Free Speech Protects Corruption-Reporting Cop

     CHICAGO (CN) — A suburban cop fired for telling the FBI that his boss let a local politician’s son off the hook on a traffic ticket has valid retaliation claims, the Seventh Circuit ruled.
     Officer David Kristofek said he was patrolling Orland Hills, Ill., in November 2010 when he saw an automobile operating on a suspended registration.
     He pulled the vehicle over and wrote two tickets when the driver failed to produce proof of valid insurance.
     During the stop, the driver, Alonzo Marshall, reported that his mother was the former mayor of a nearby town. Kristofek spoke with Marshall’s mother by phone, and she allegedly asked Kristofek not to arrest her son. Kristofek explained that he was bound by department policy to arrest Marshall and have his vehicle towed.
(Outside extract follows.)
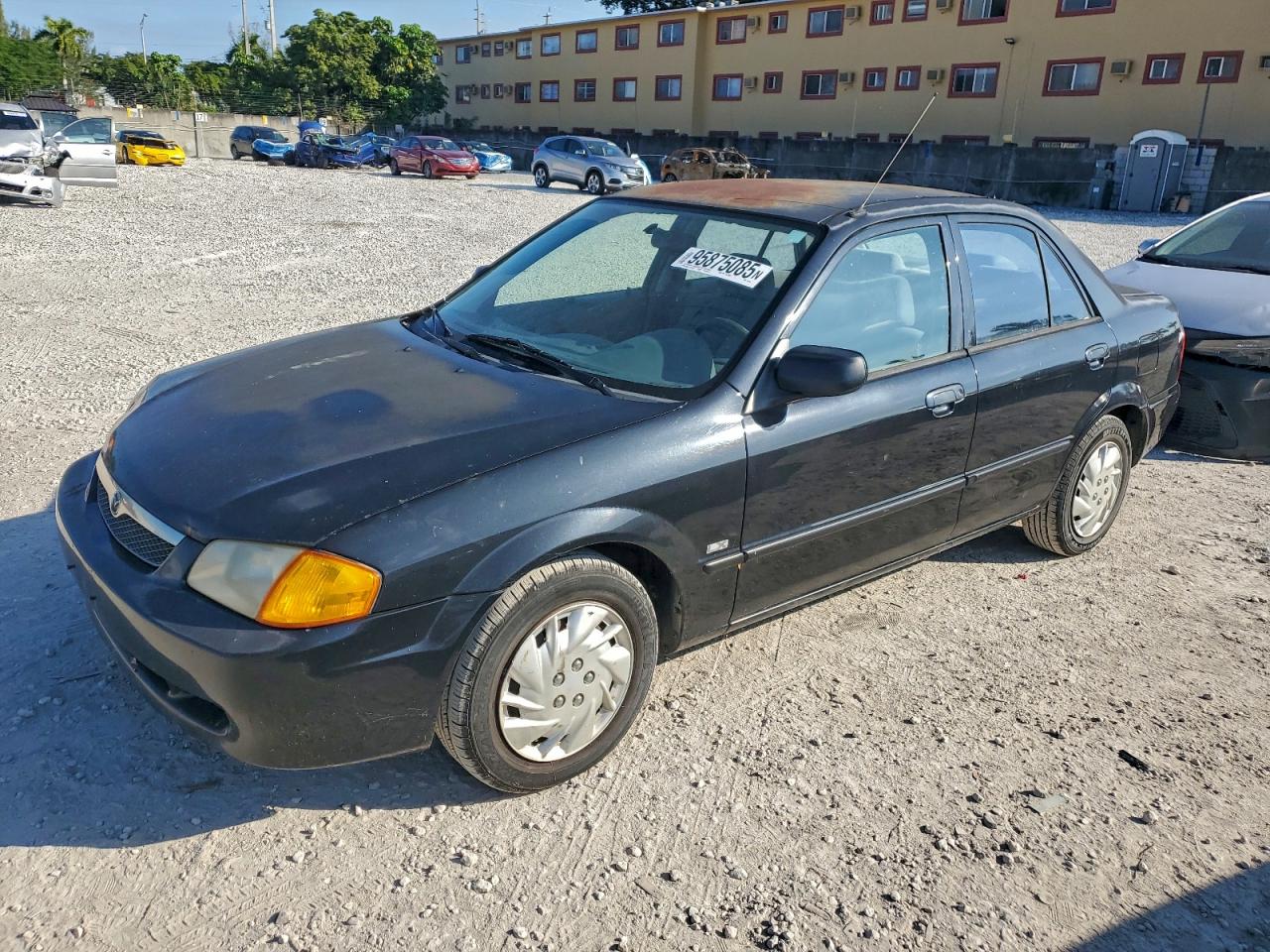 1999 Mazda Protege DX, VIN JM1BJ2223X0116156 — Мелкие вмятины и царапины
     At the station, Kristofek said he was entering the booking information into the computer when his coworkers told him to stop and give all of the paperwork to the deputy chief.
     Kristofek claimed that he was also told to delete any information about Marshall already entered in the computer system.
     He said the deputy chief swore at him when he questioned the orders.
     Concerned that “the unequal application of the law due to political considerations was improper and possibl[y] illegal,” Kristofek allegedly complained to other officers, according to court documents.
     After consulting with an attorney, Kristofek reported the incident to the FBI as “possible political corruption in the Orland Hills Police Department and/or Village of Orland Hills,” court documents say.
     Kristofek told the FBI that he was unsure whether the order to release Marshall came from the department or the mayor’s office.
     When Police Chief Thomas Scully heard about the FBI investigation in April 2011, he allegedly offered Kristofek the option to resign or be fired. Kristofek refused to resign, so he was fired on the spot.
     Kristofek sued Scully and the village of Orland Hills, claiming that he had been fired in retaliation for exercising his First Amendment rights. In his complaint, he said that his statements to other officers and the FBI were made in his capacity as a citizen “contesting the unequal application of the laws to its citizens.”
     U.S. District Judge Samuel Der-Yeghiayan ruled in favor of the village, but the Seventh Circuit Court of Appeals reversed Thursday — and not for the first time. The Chicago-based appeals court also reversed the district court’s initial dismissal of Kristofek’s claims in 2013.
     “The content of Kristofek’s statements – that Alonzo’s citations were voided and that he was released solely on account of political favoritism – clearly involves a matter of public concern,” U.S. Circuit Judge Ann Claire Williams said in the most recent ruling, writing for a three-judge panel.
     Williams found that, as a part-time officer, Kristofek did not have responsibility for pursuing or voiding citations. Since he made his report to the FBI as a private citizen, it qualifies for free speech protections.
     “In addition, we must be especially careful in concluding that employees have spoken pursuant to their official duties when the speech concerns allegations of public corruption,” the panel added.
     Williams said the court’s decision was not affected by the fact the Kristofek may have been motivated by a concern that he would be punished if the details of the voided citations came to light.
     “Critically, the record does not suggest that a reporter, investigator, or anyone else was inquiring into the matter which might have alerted Kristofek that potential punishment was eminent [sic],” Williams said.
     The panel found that Kristofek adequately showed he was fired in retaliation for speaking out about potential political corruption involving senior officials in the police department.
     The case has been remanded to the district court for further proceedings, with an instruction that it go before a different judge.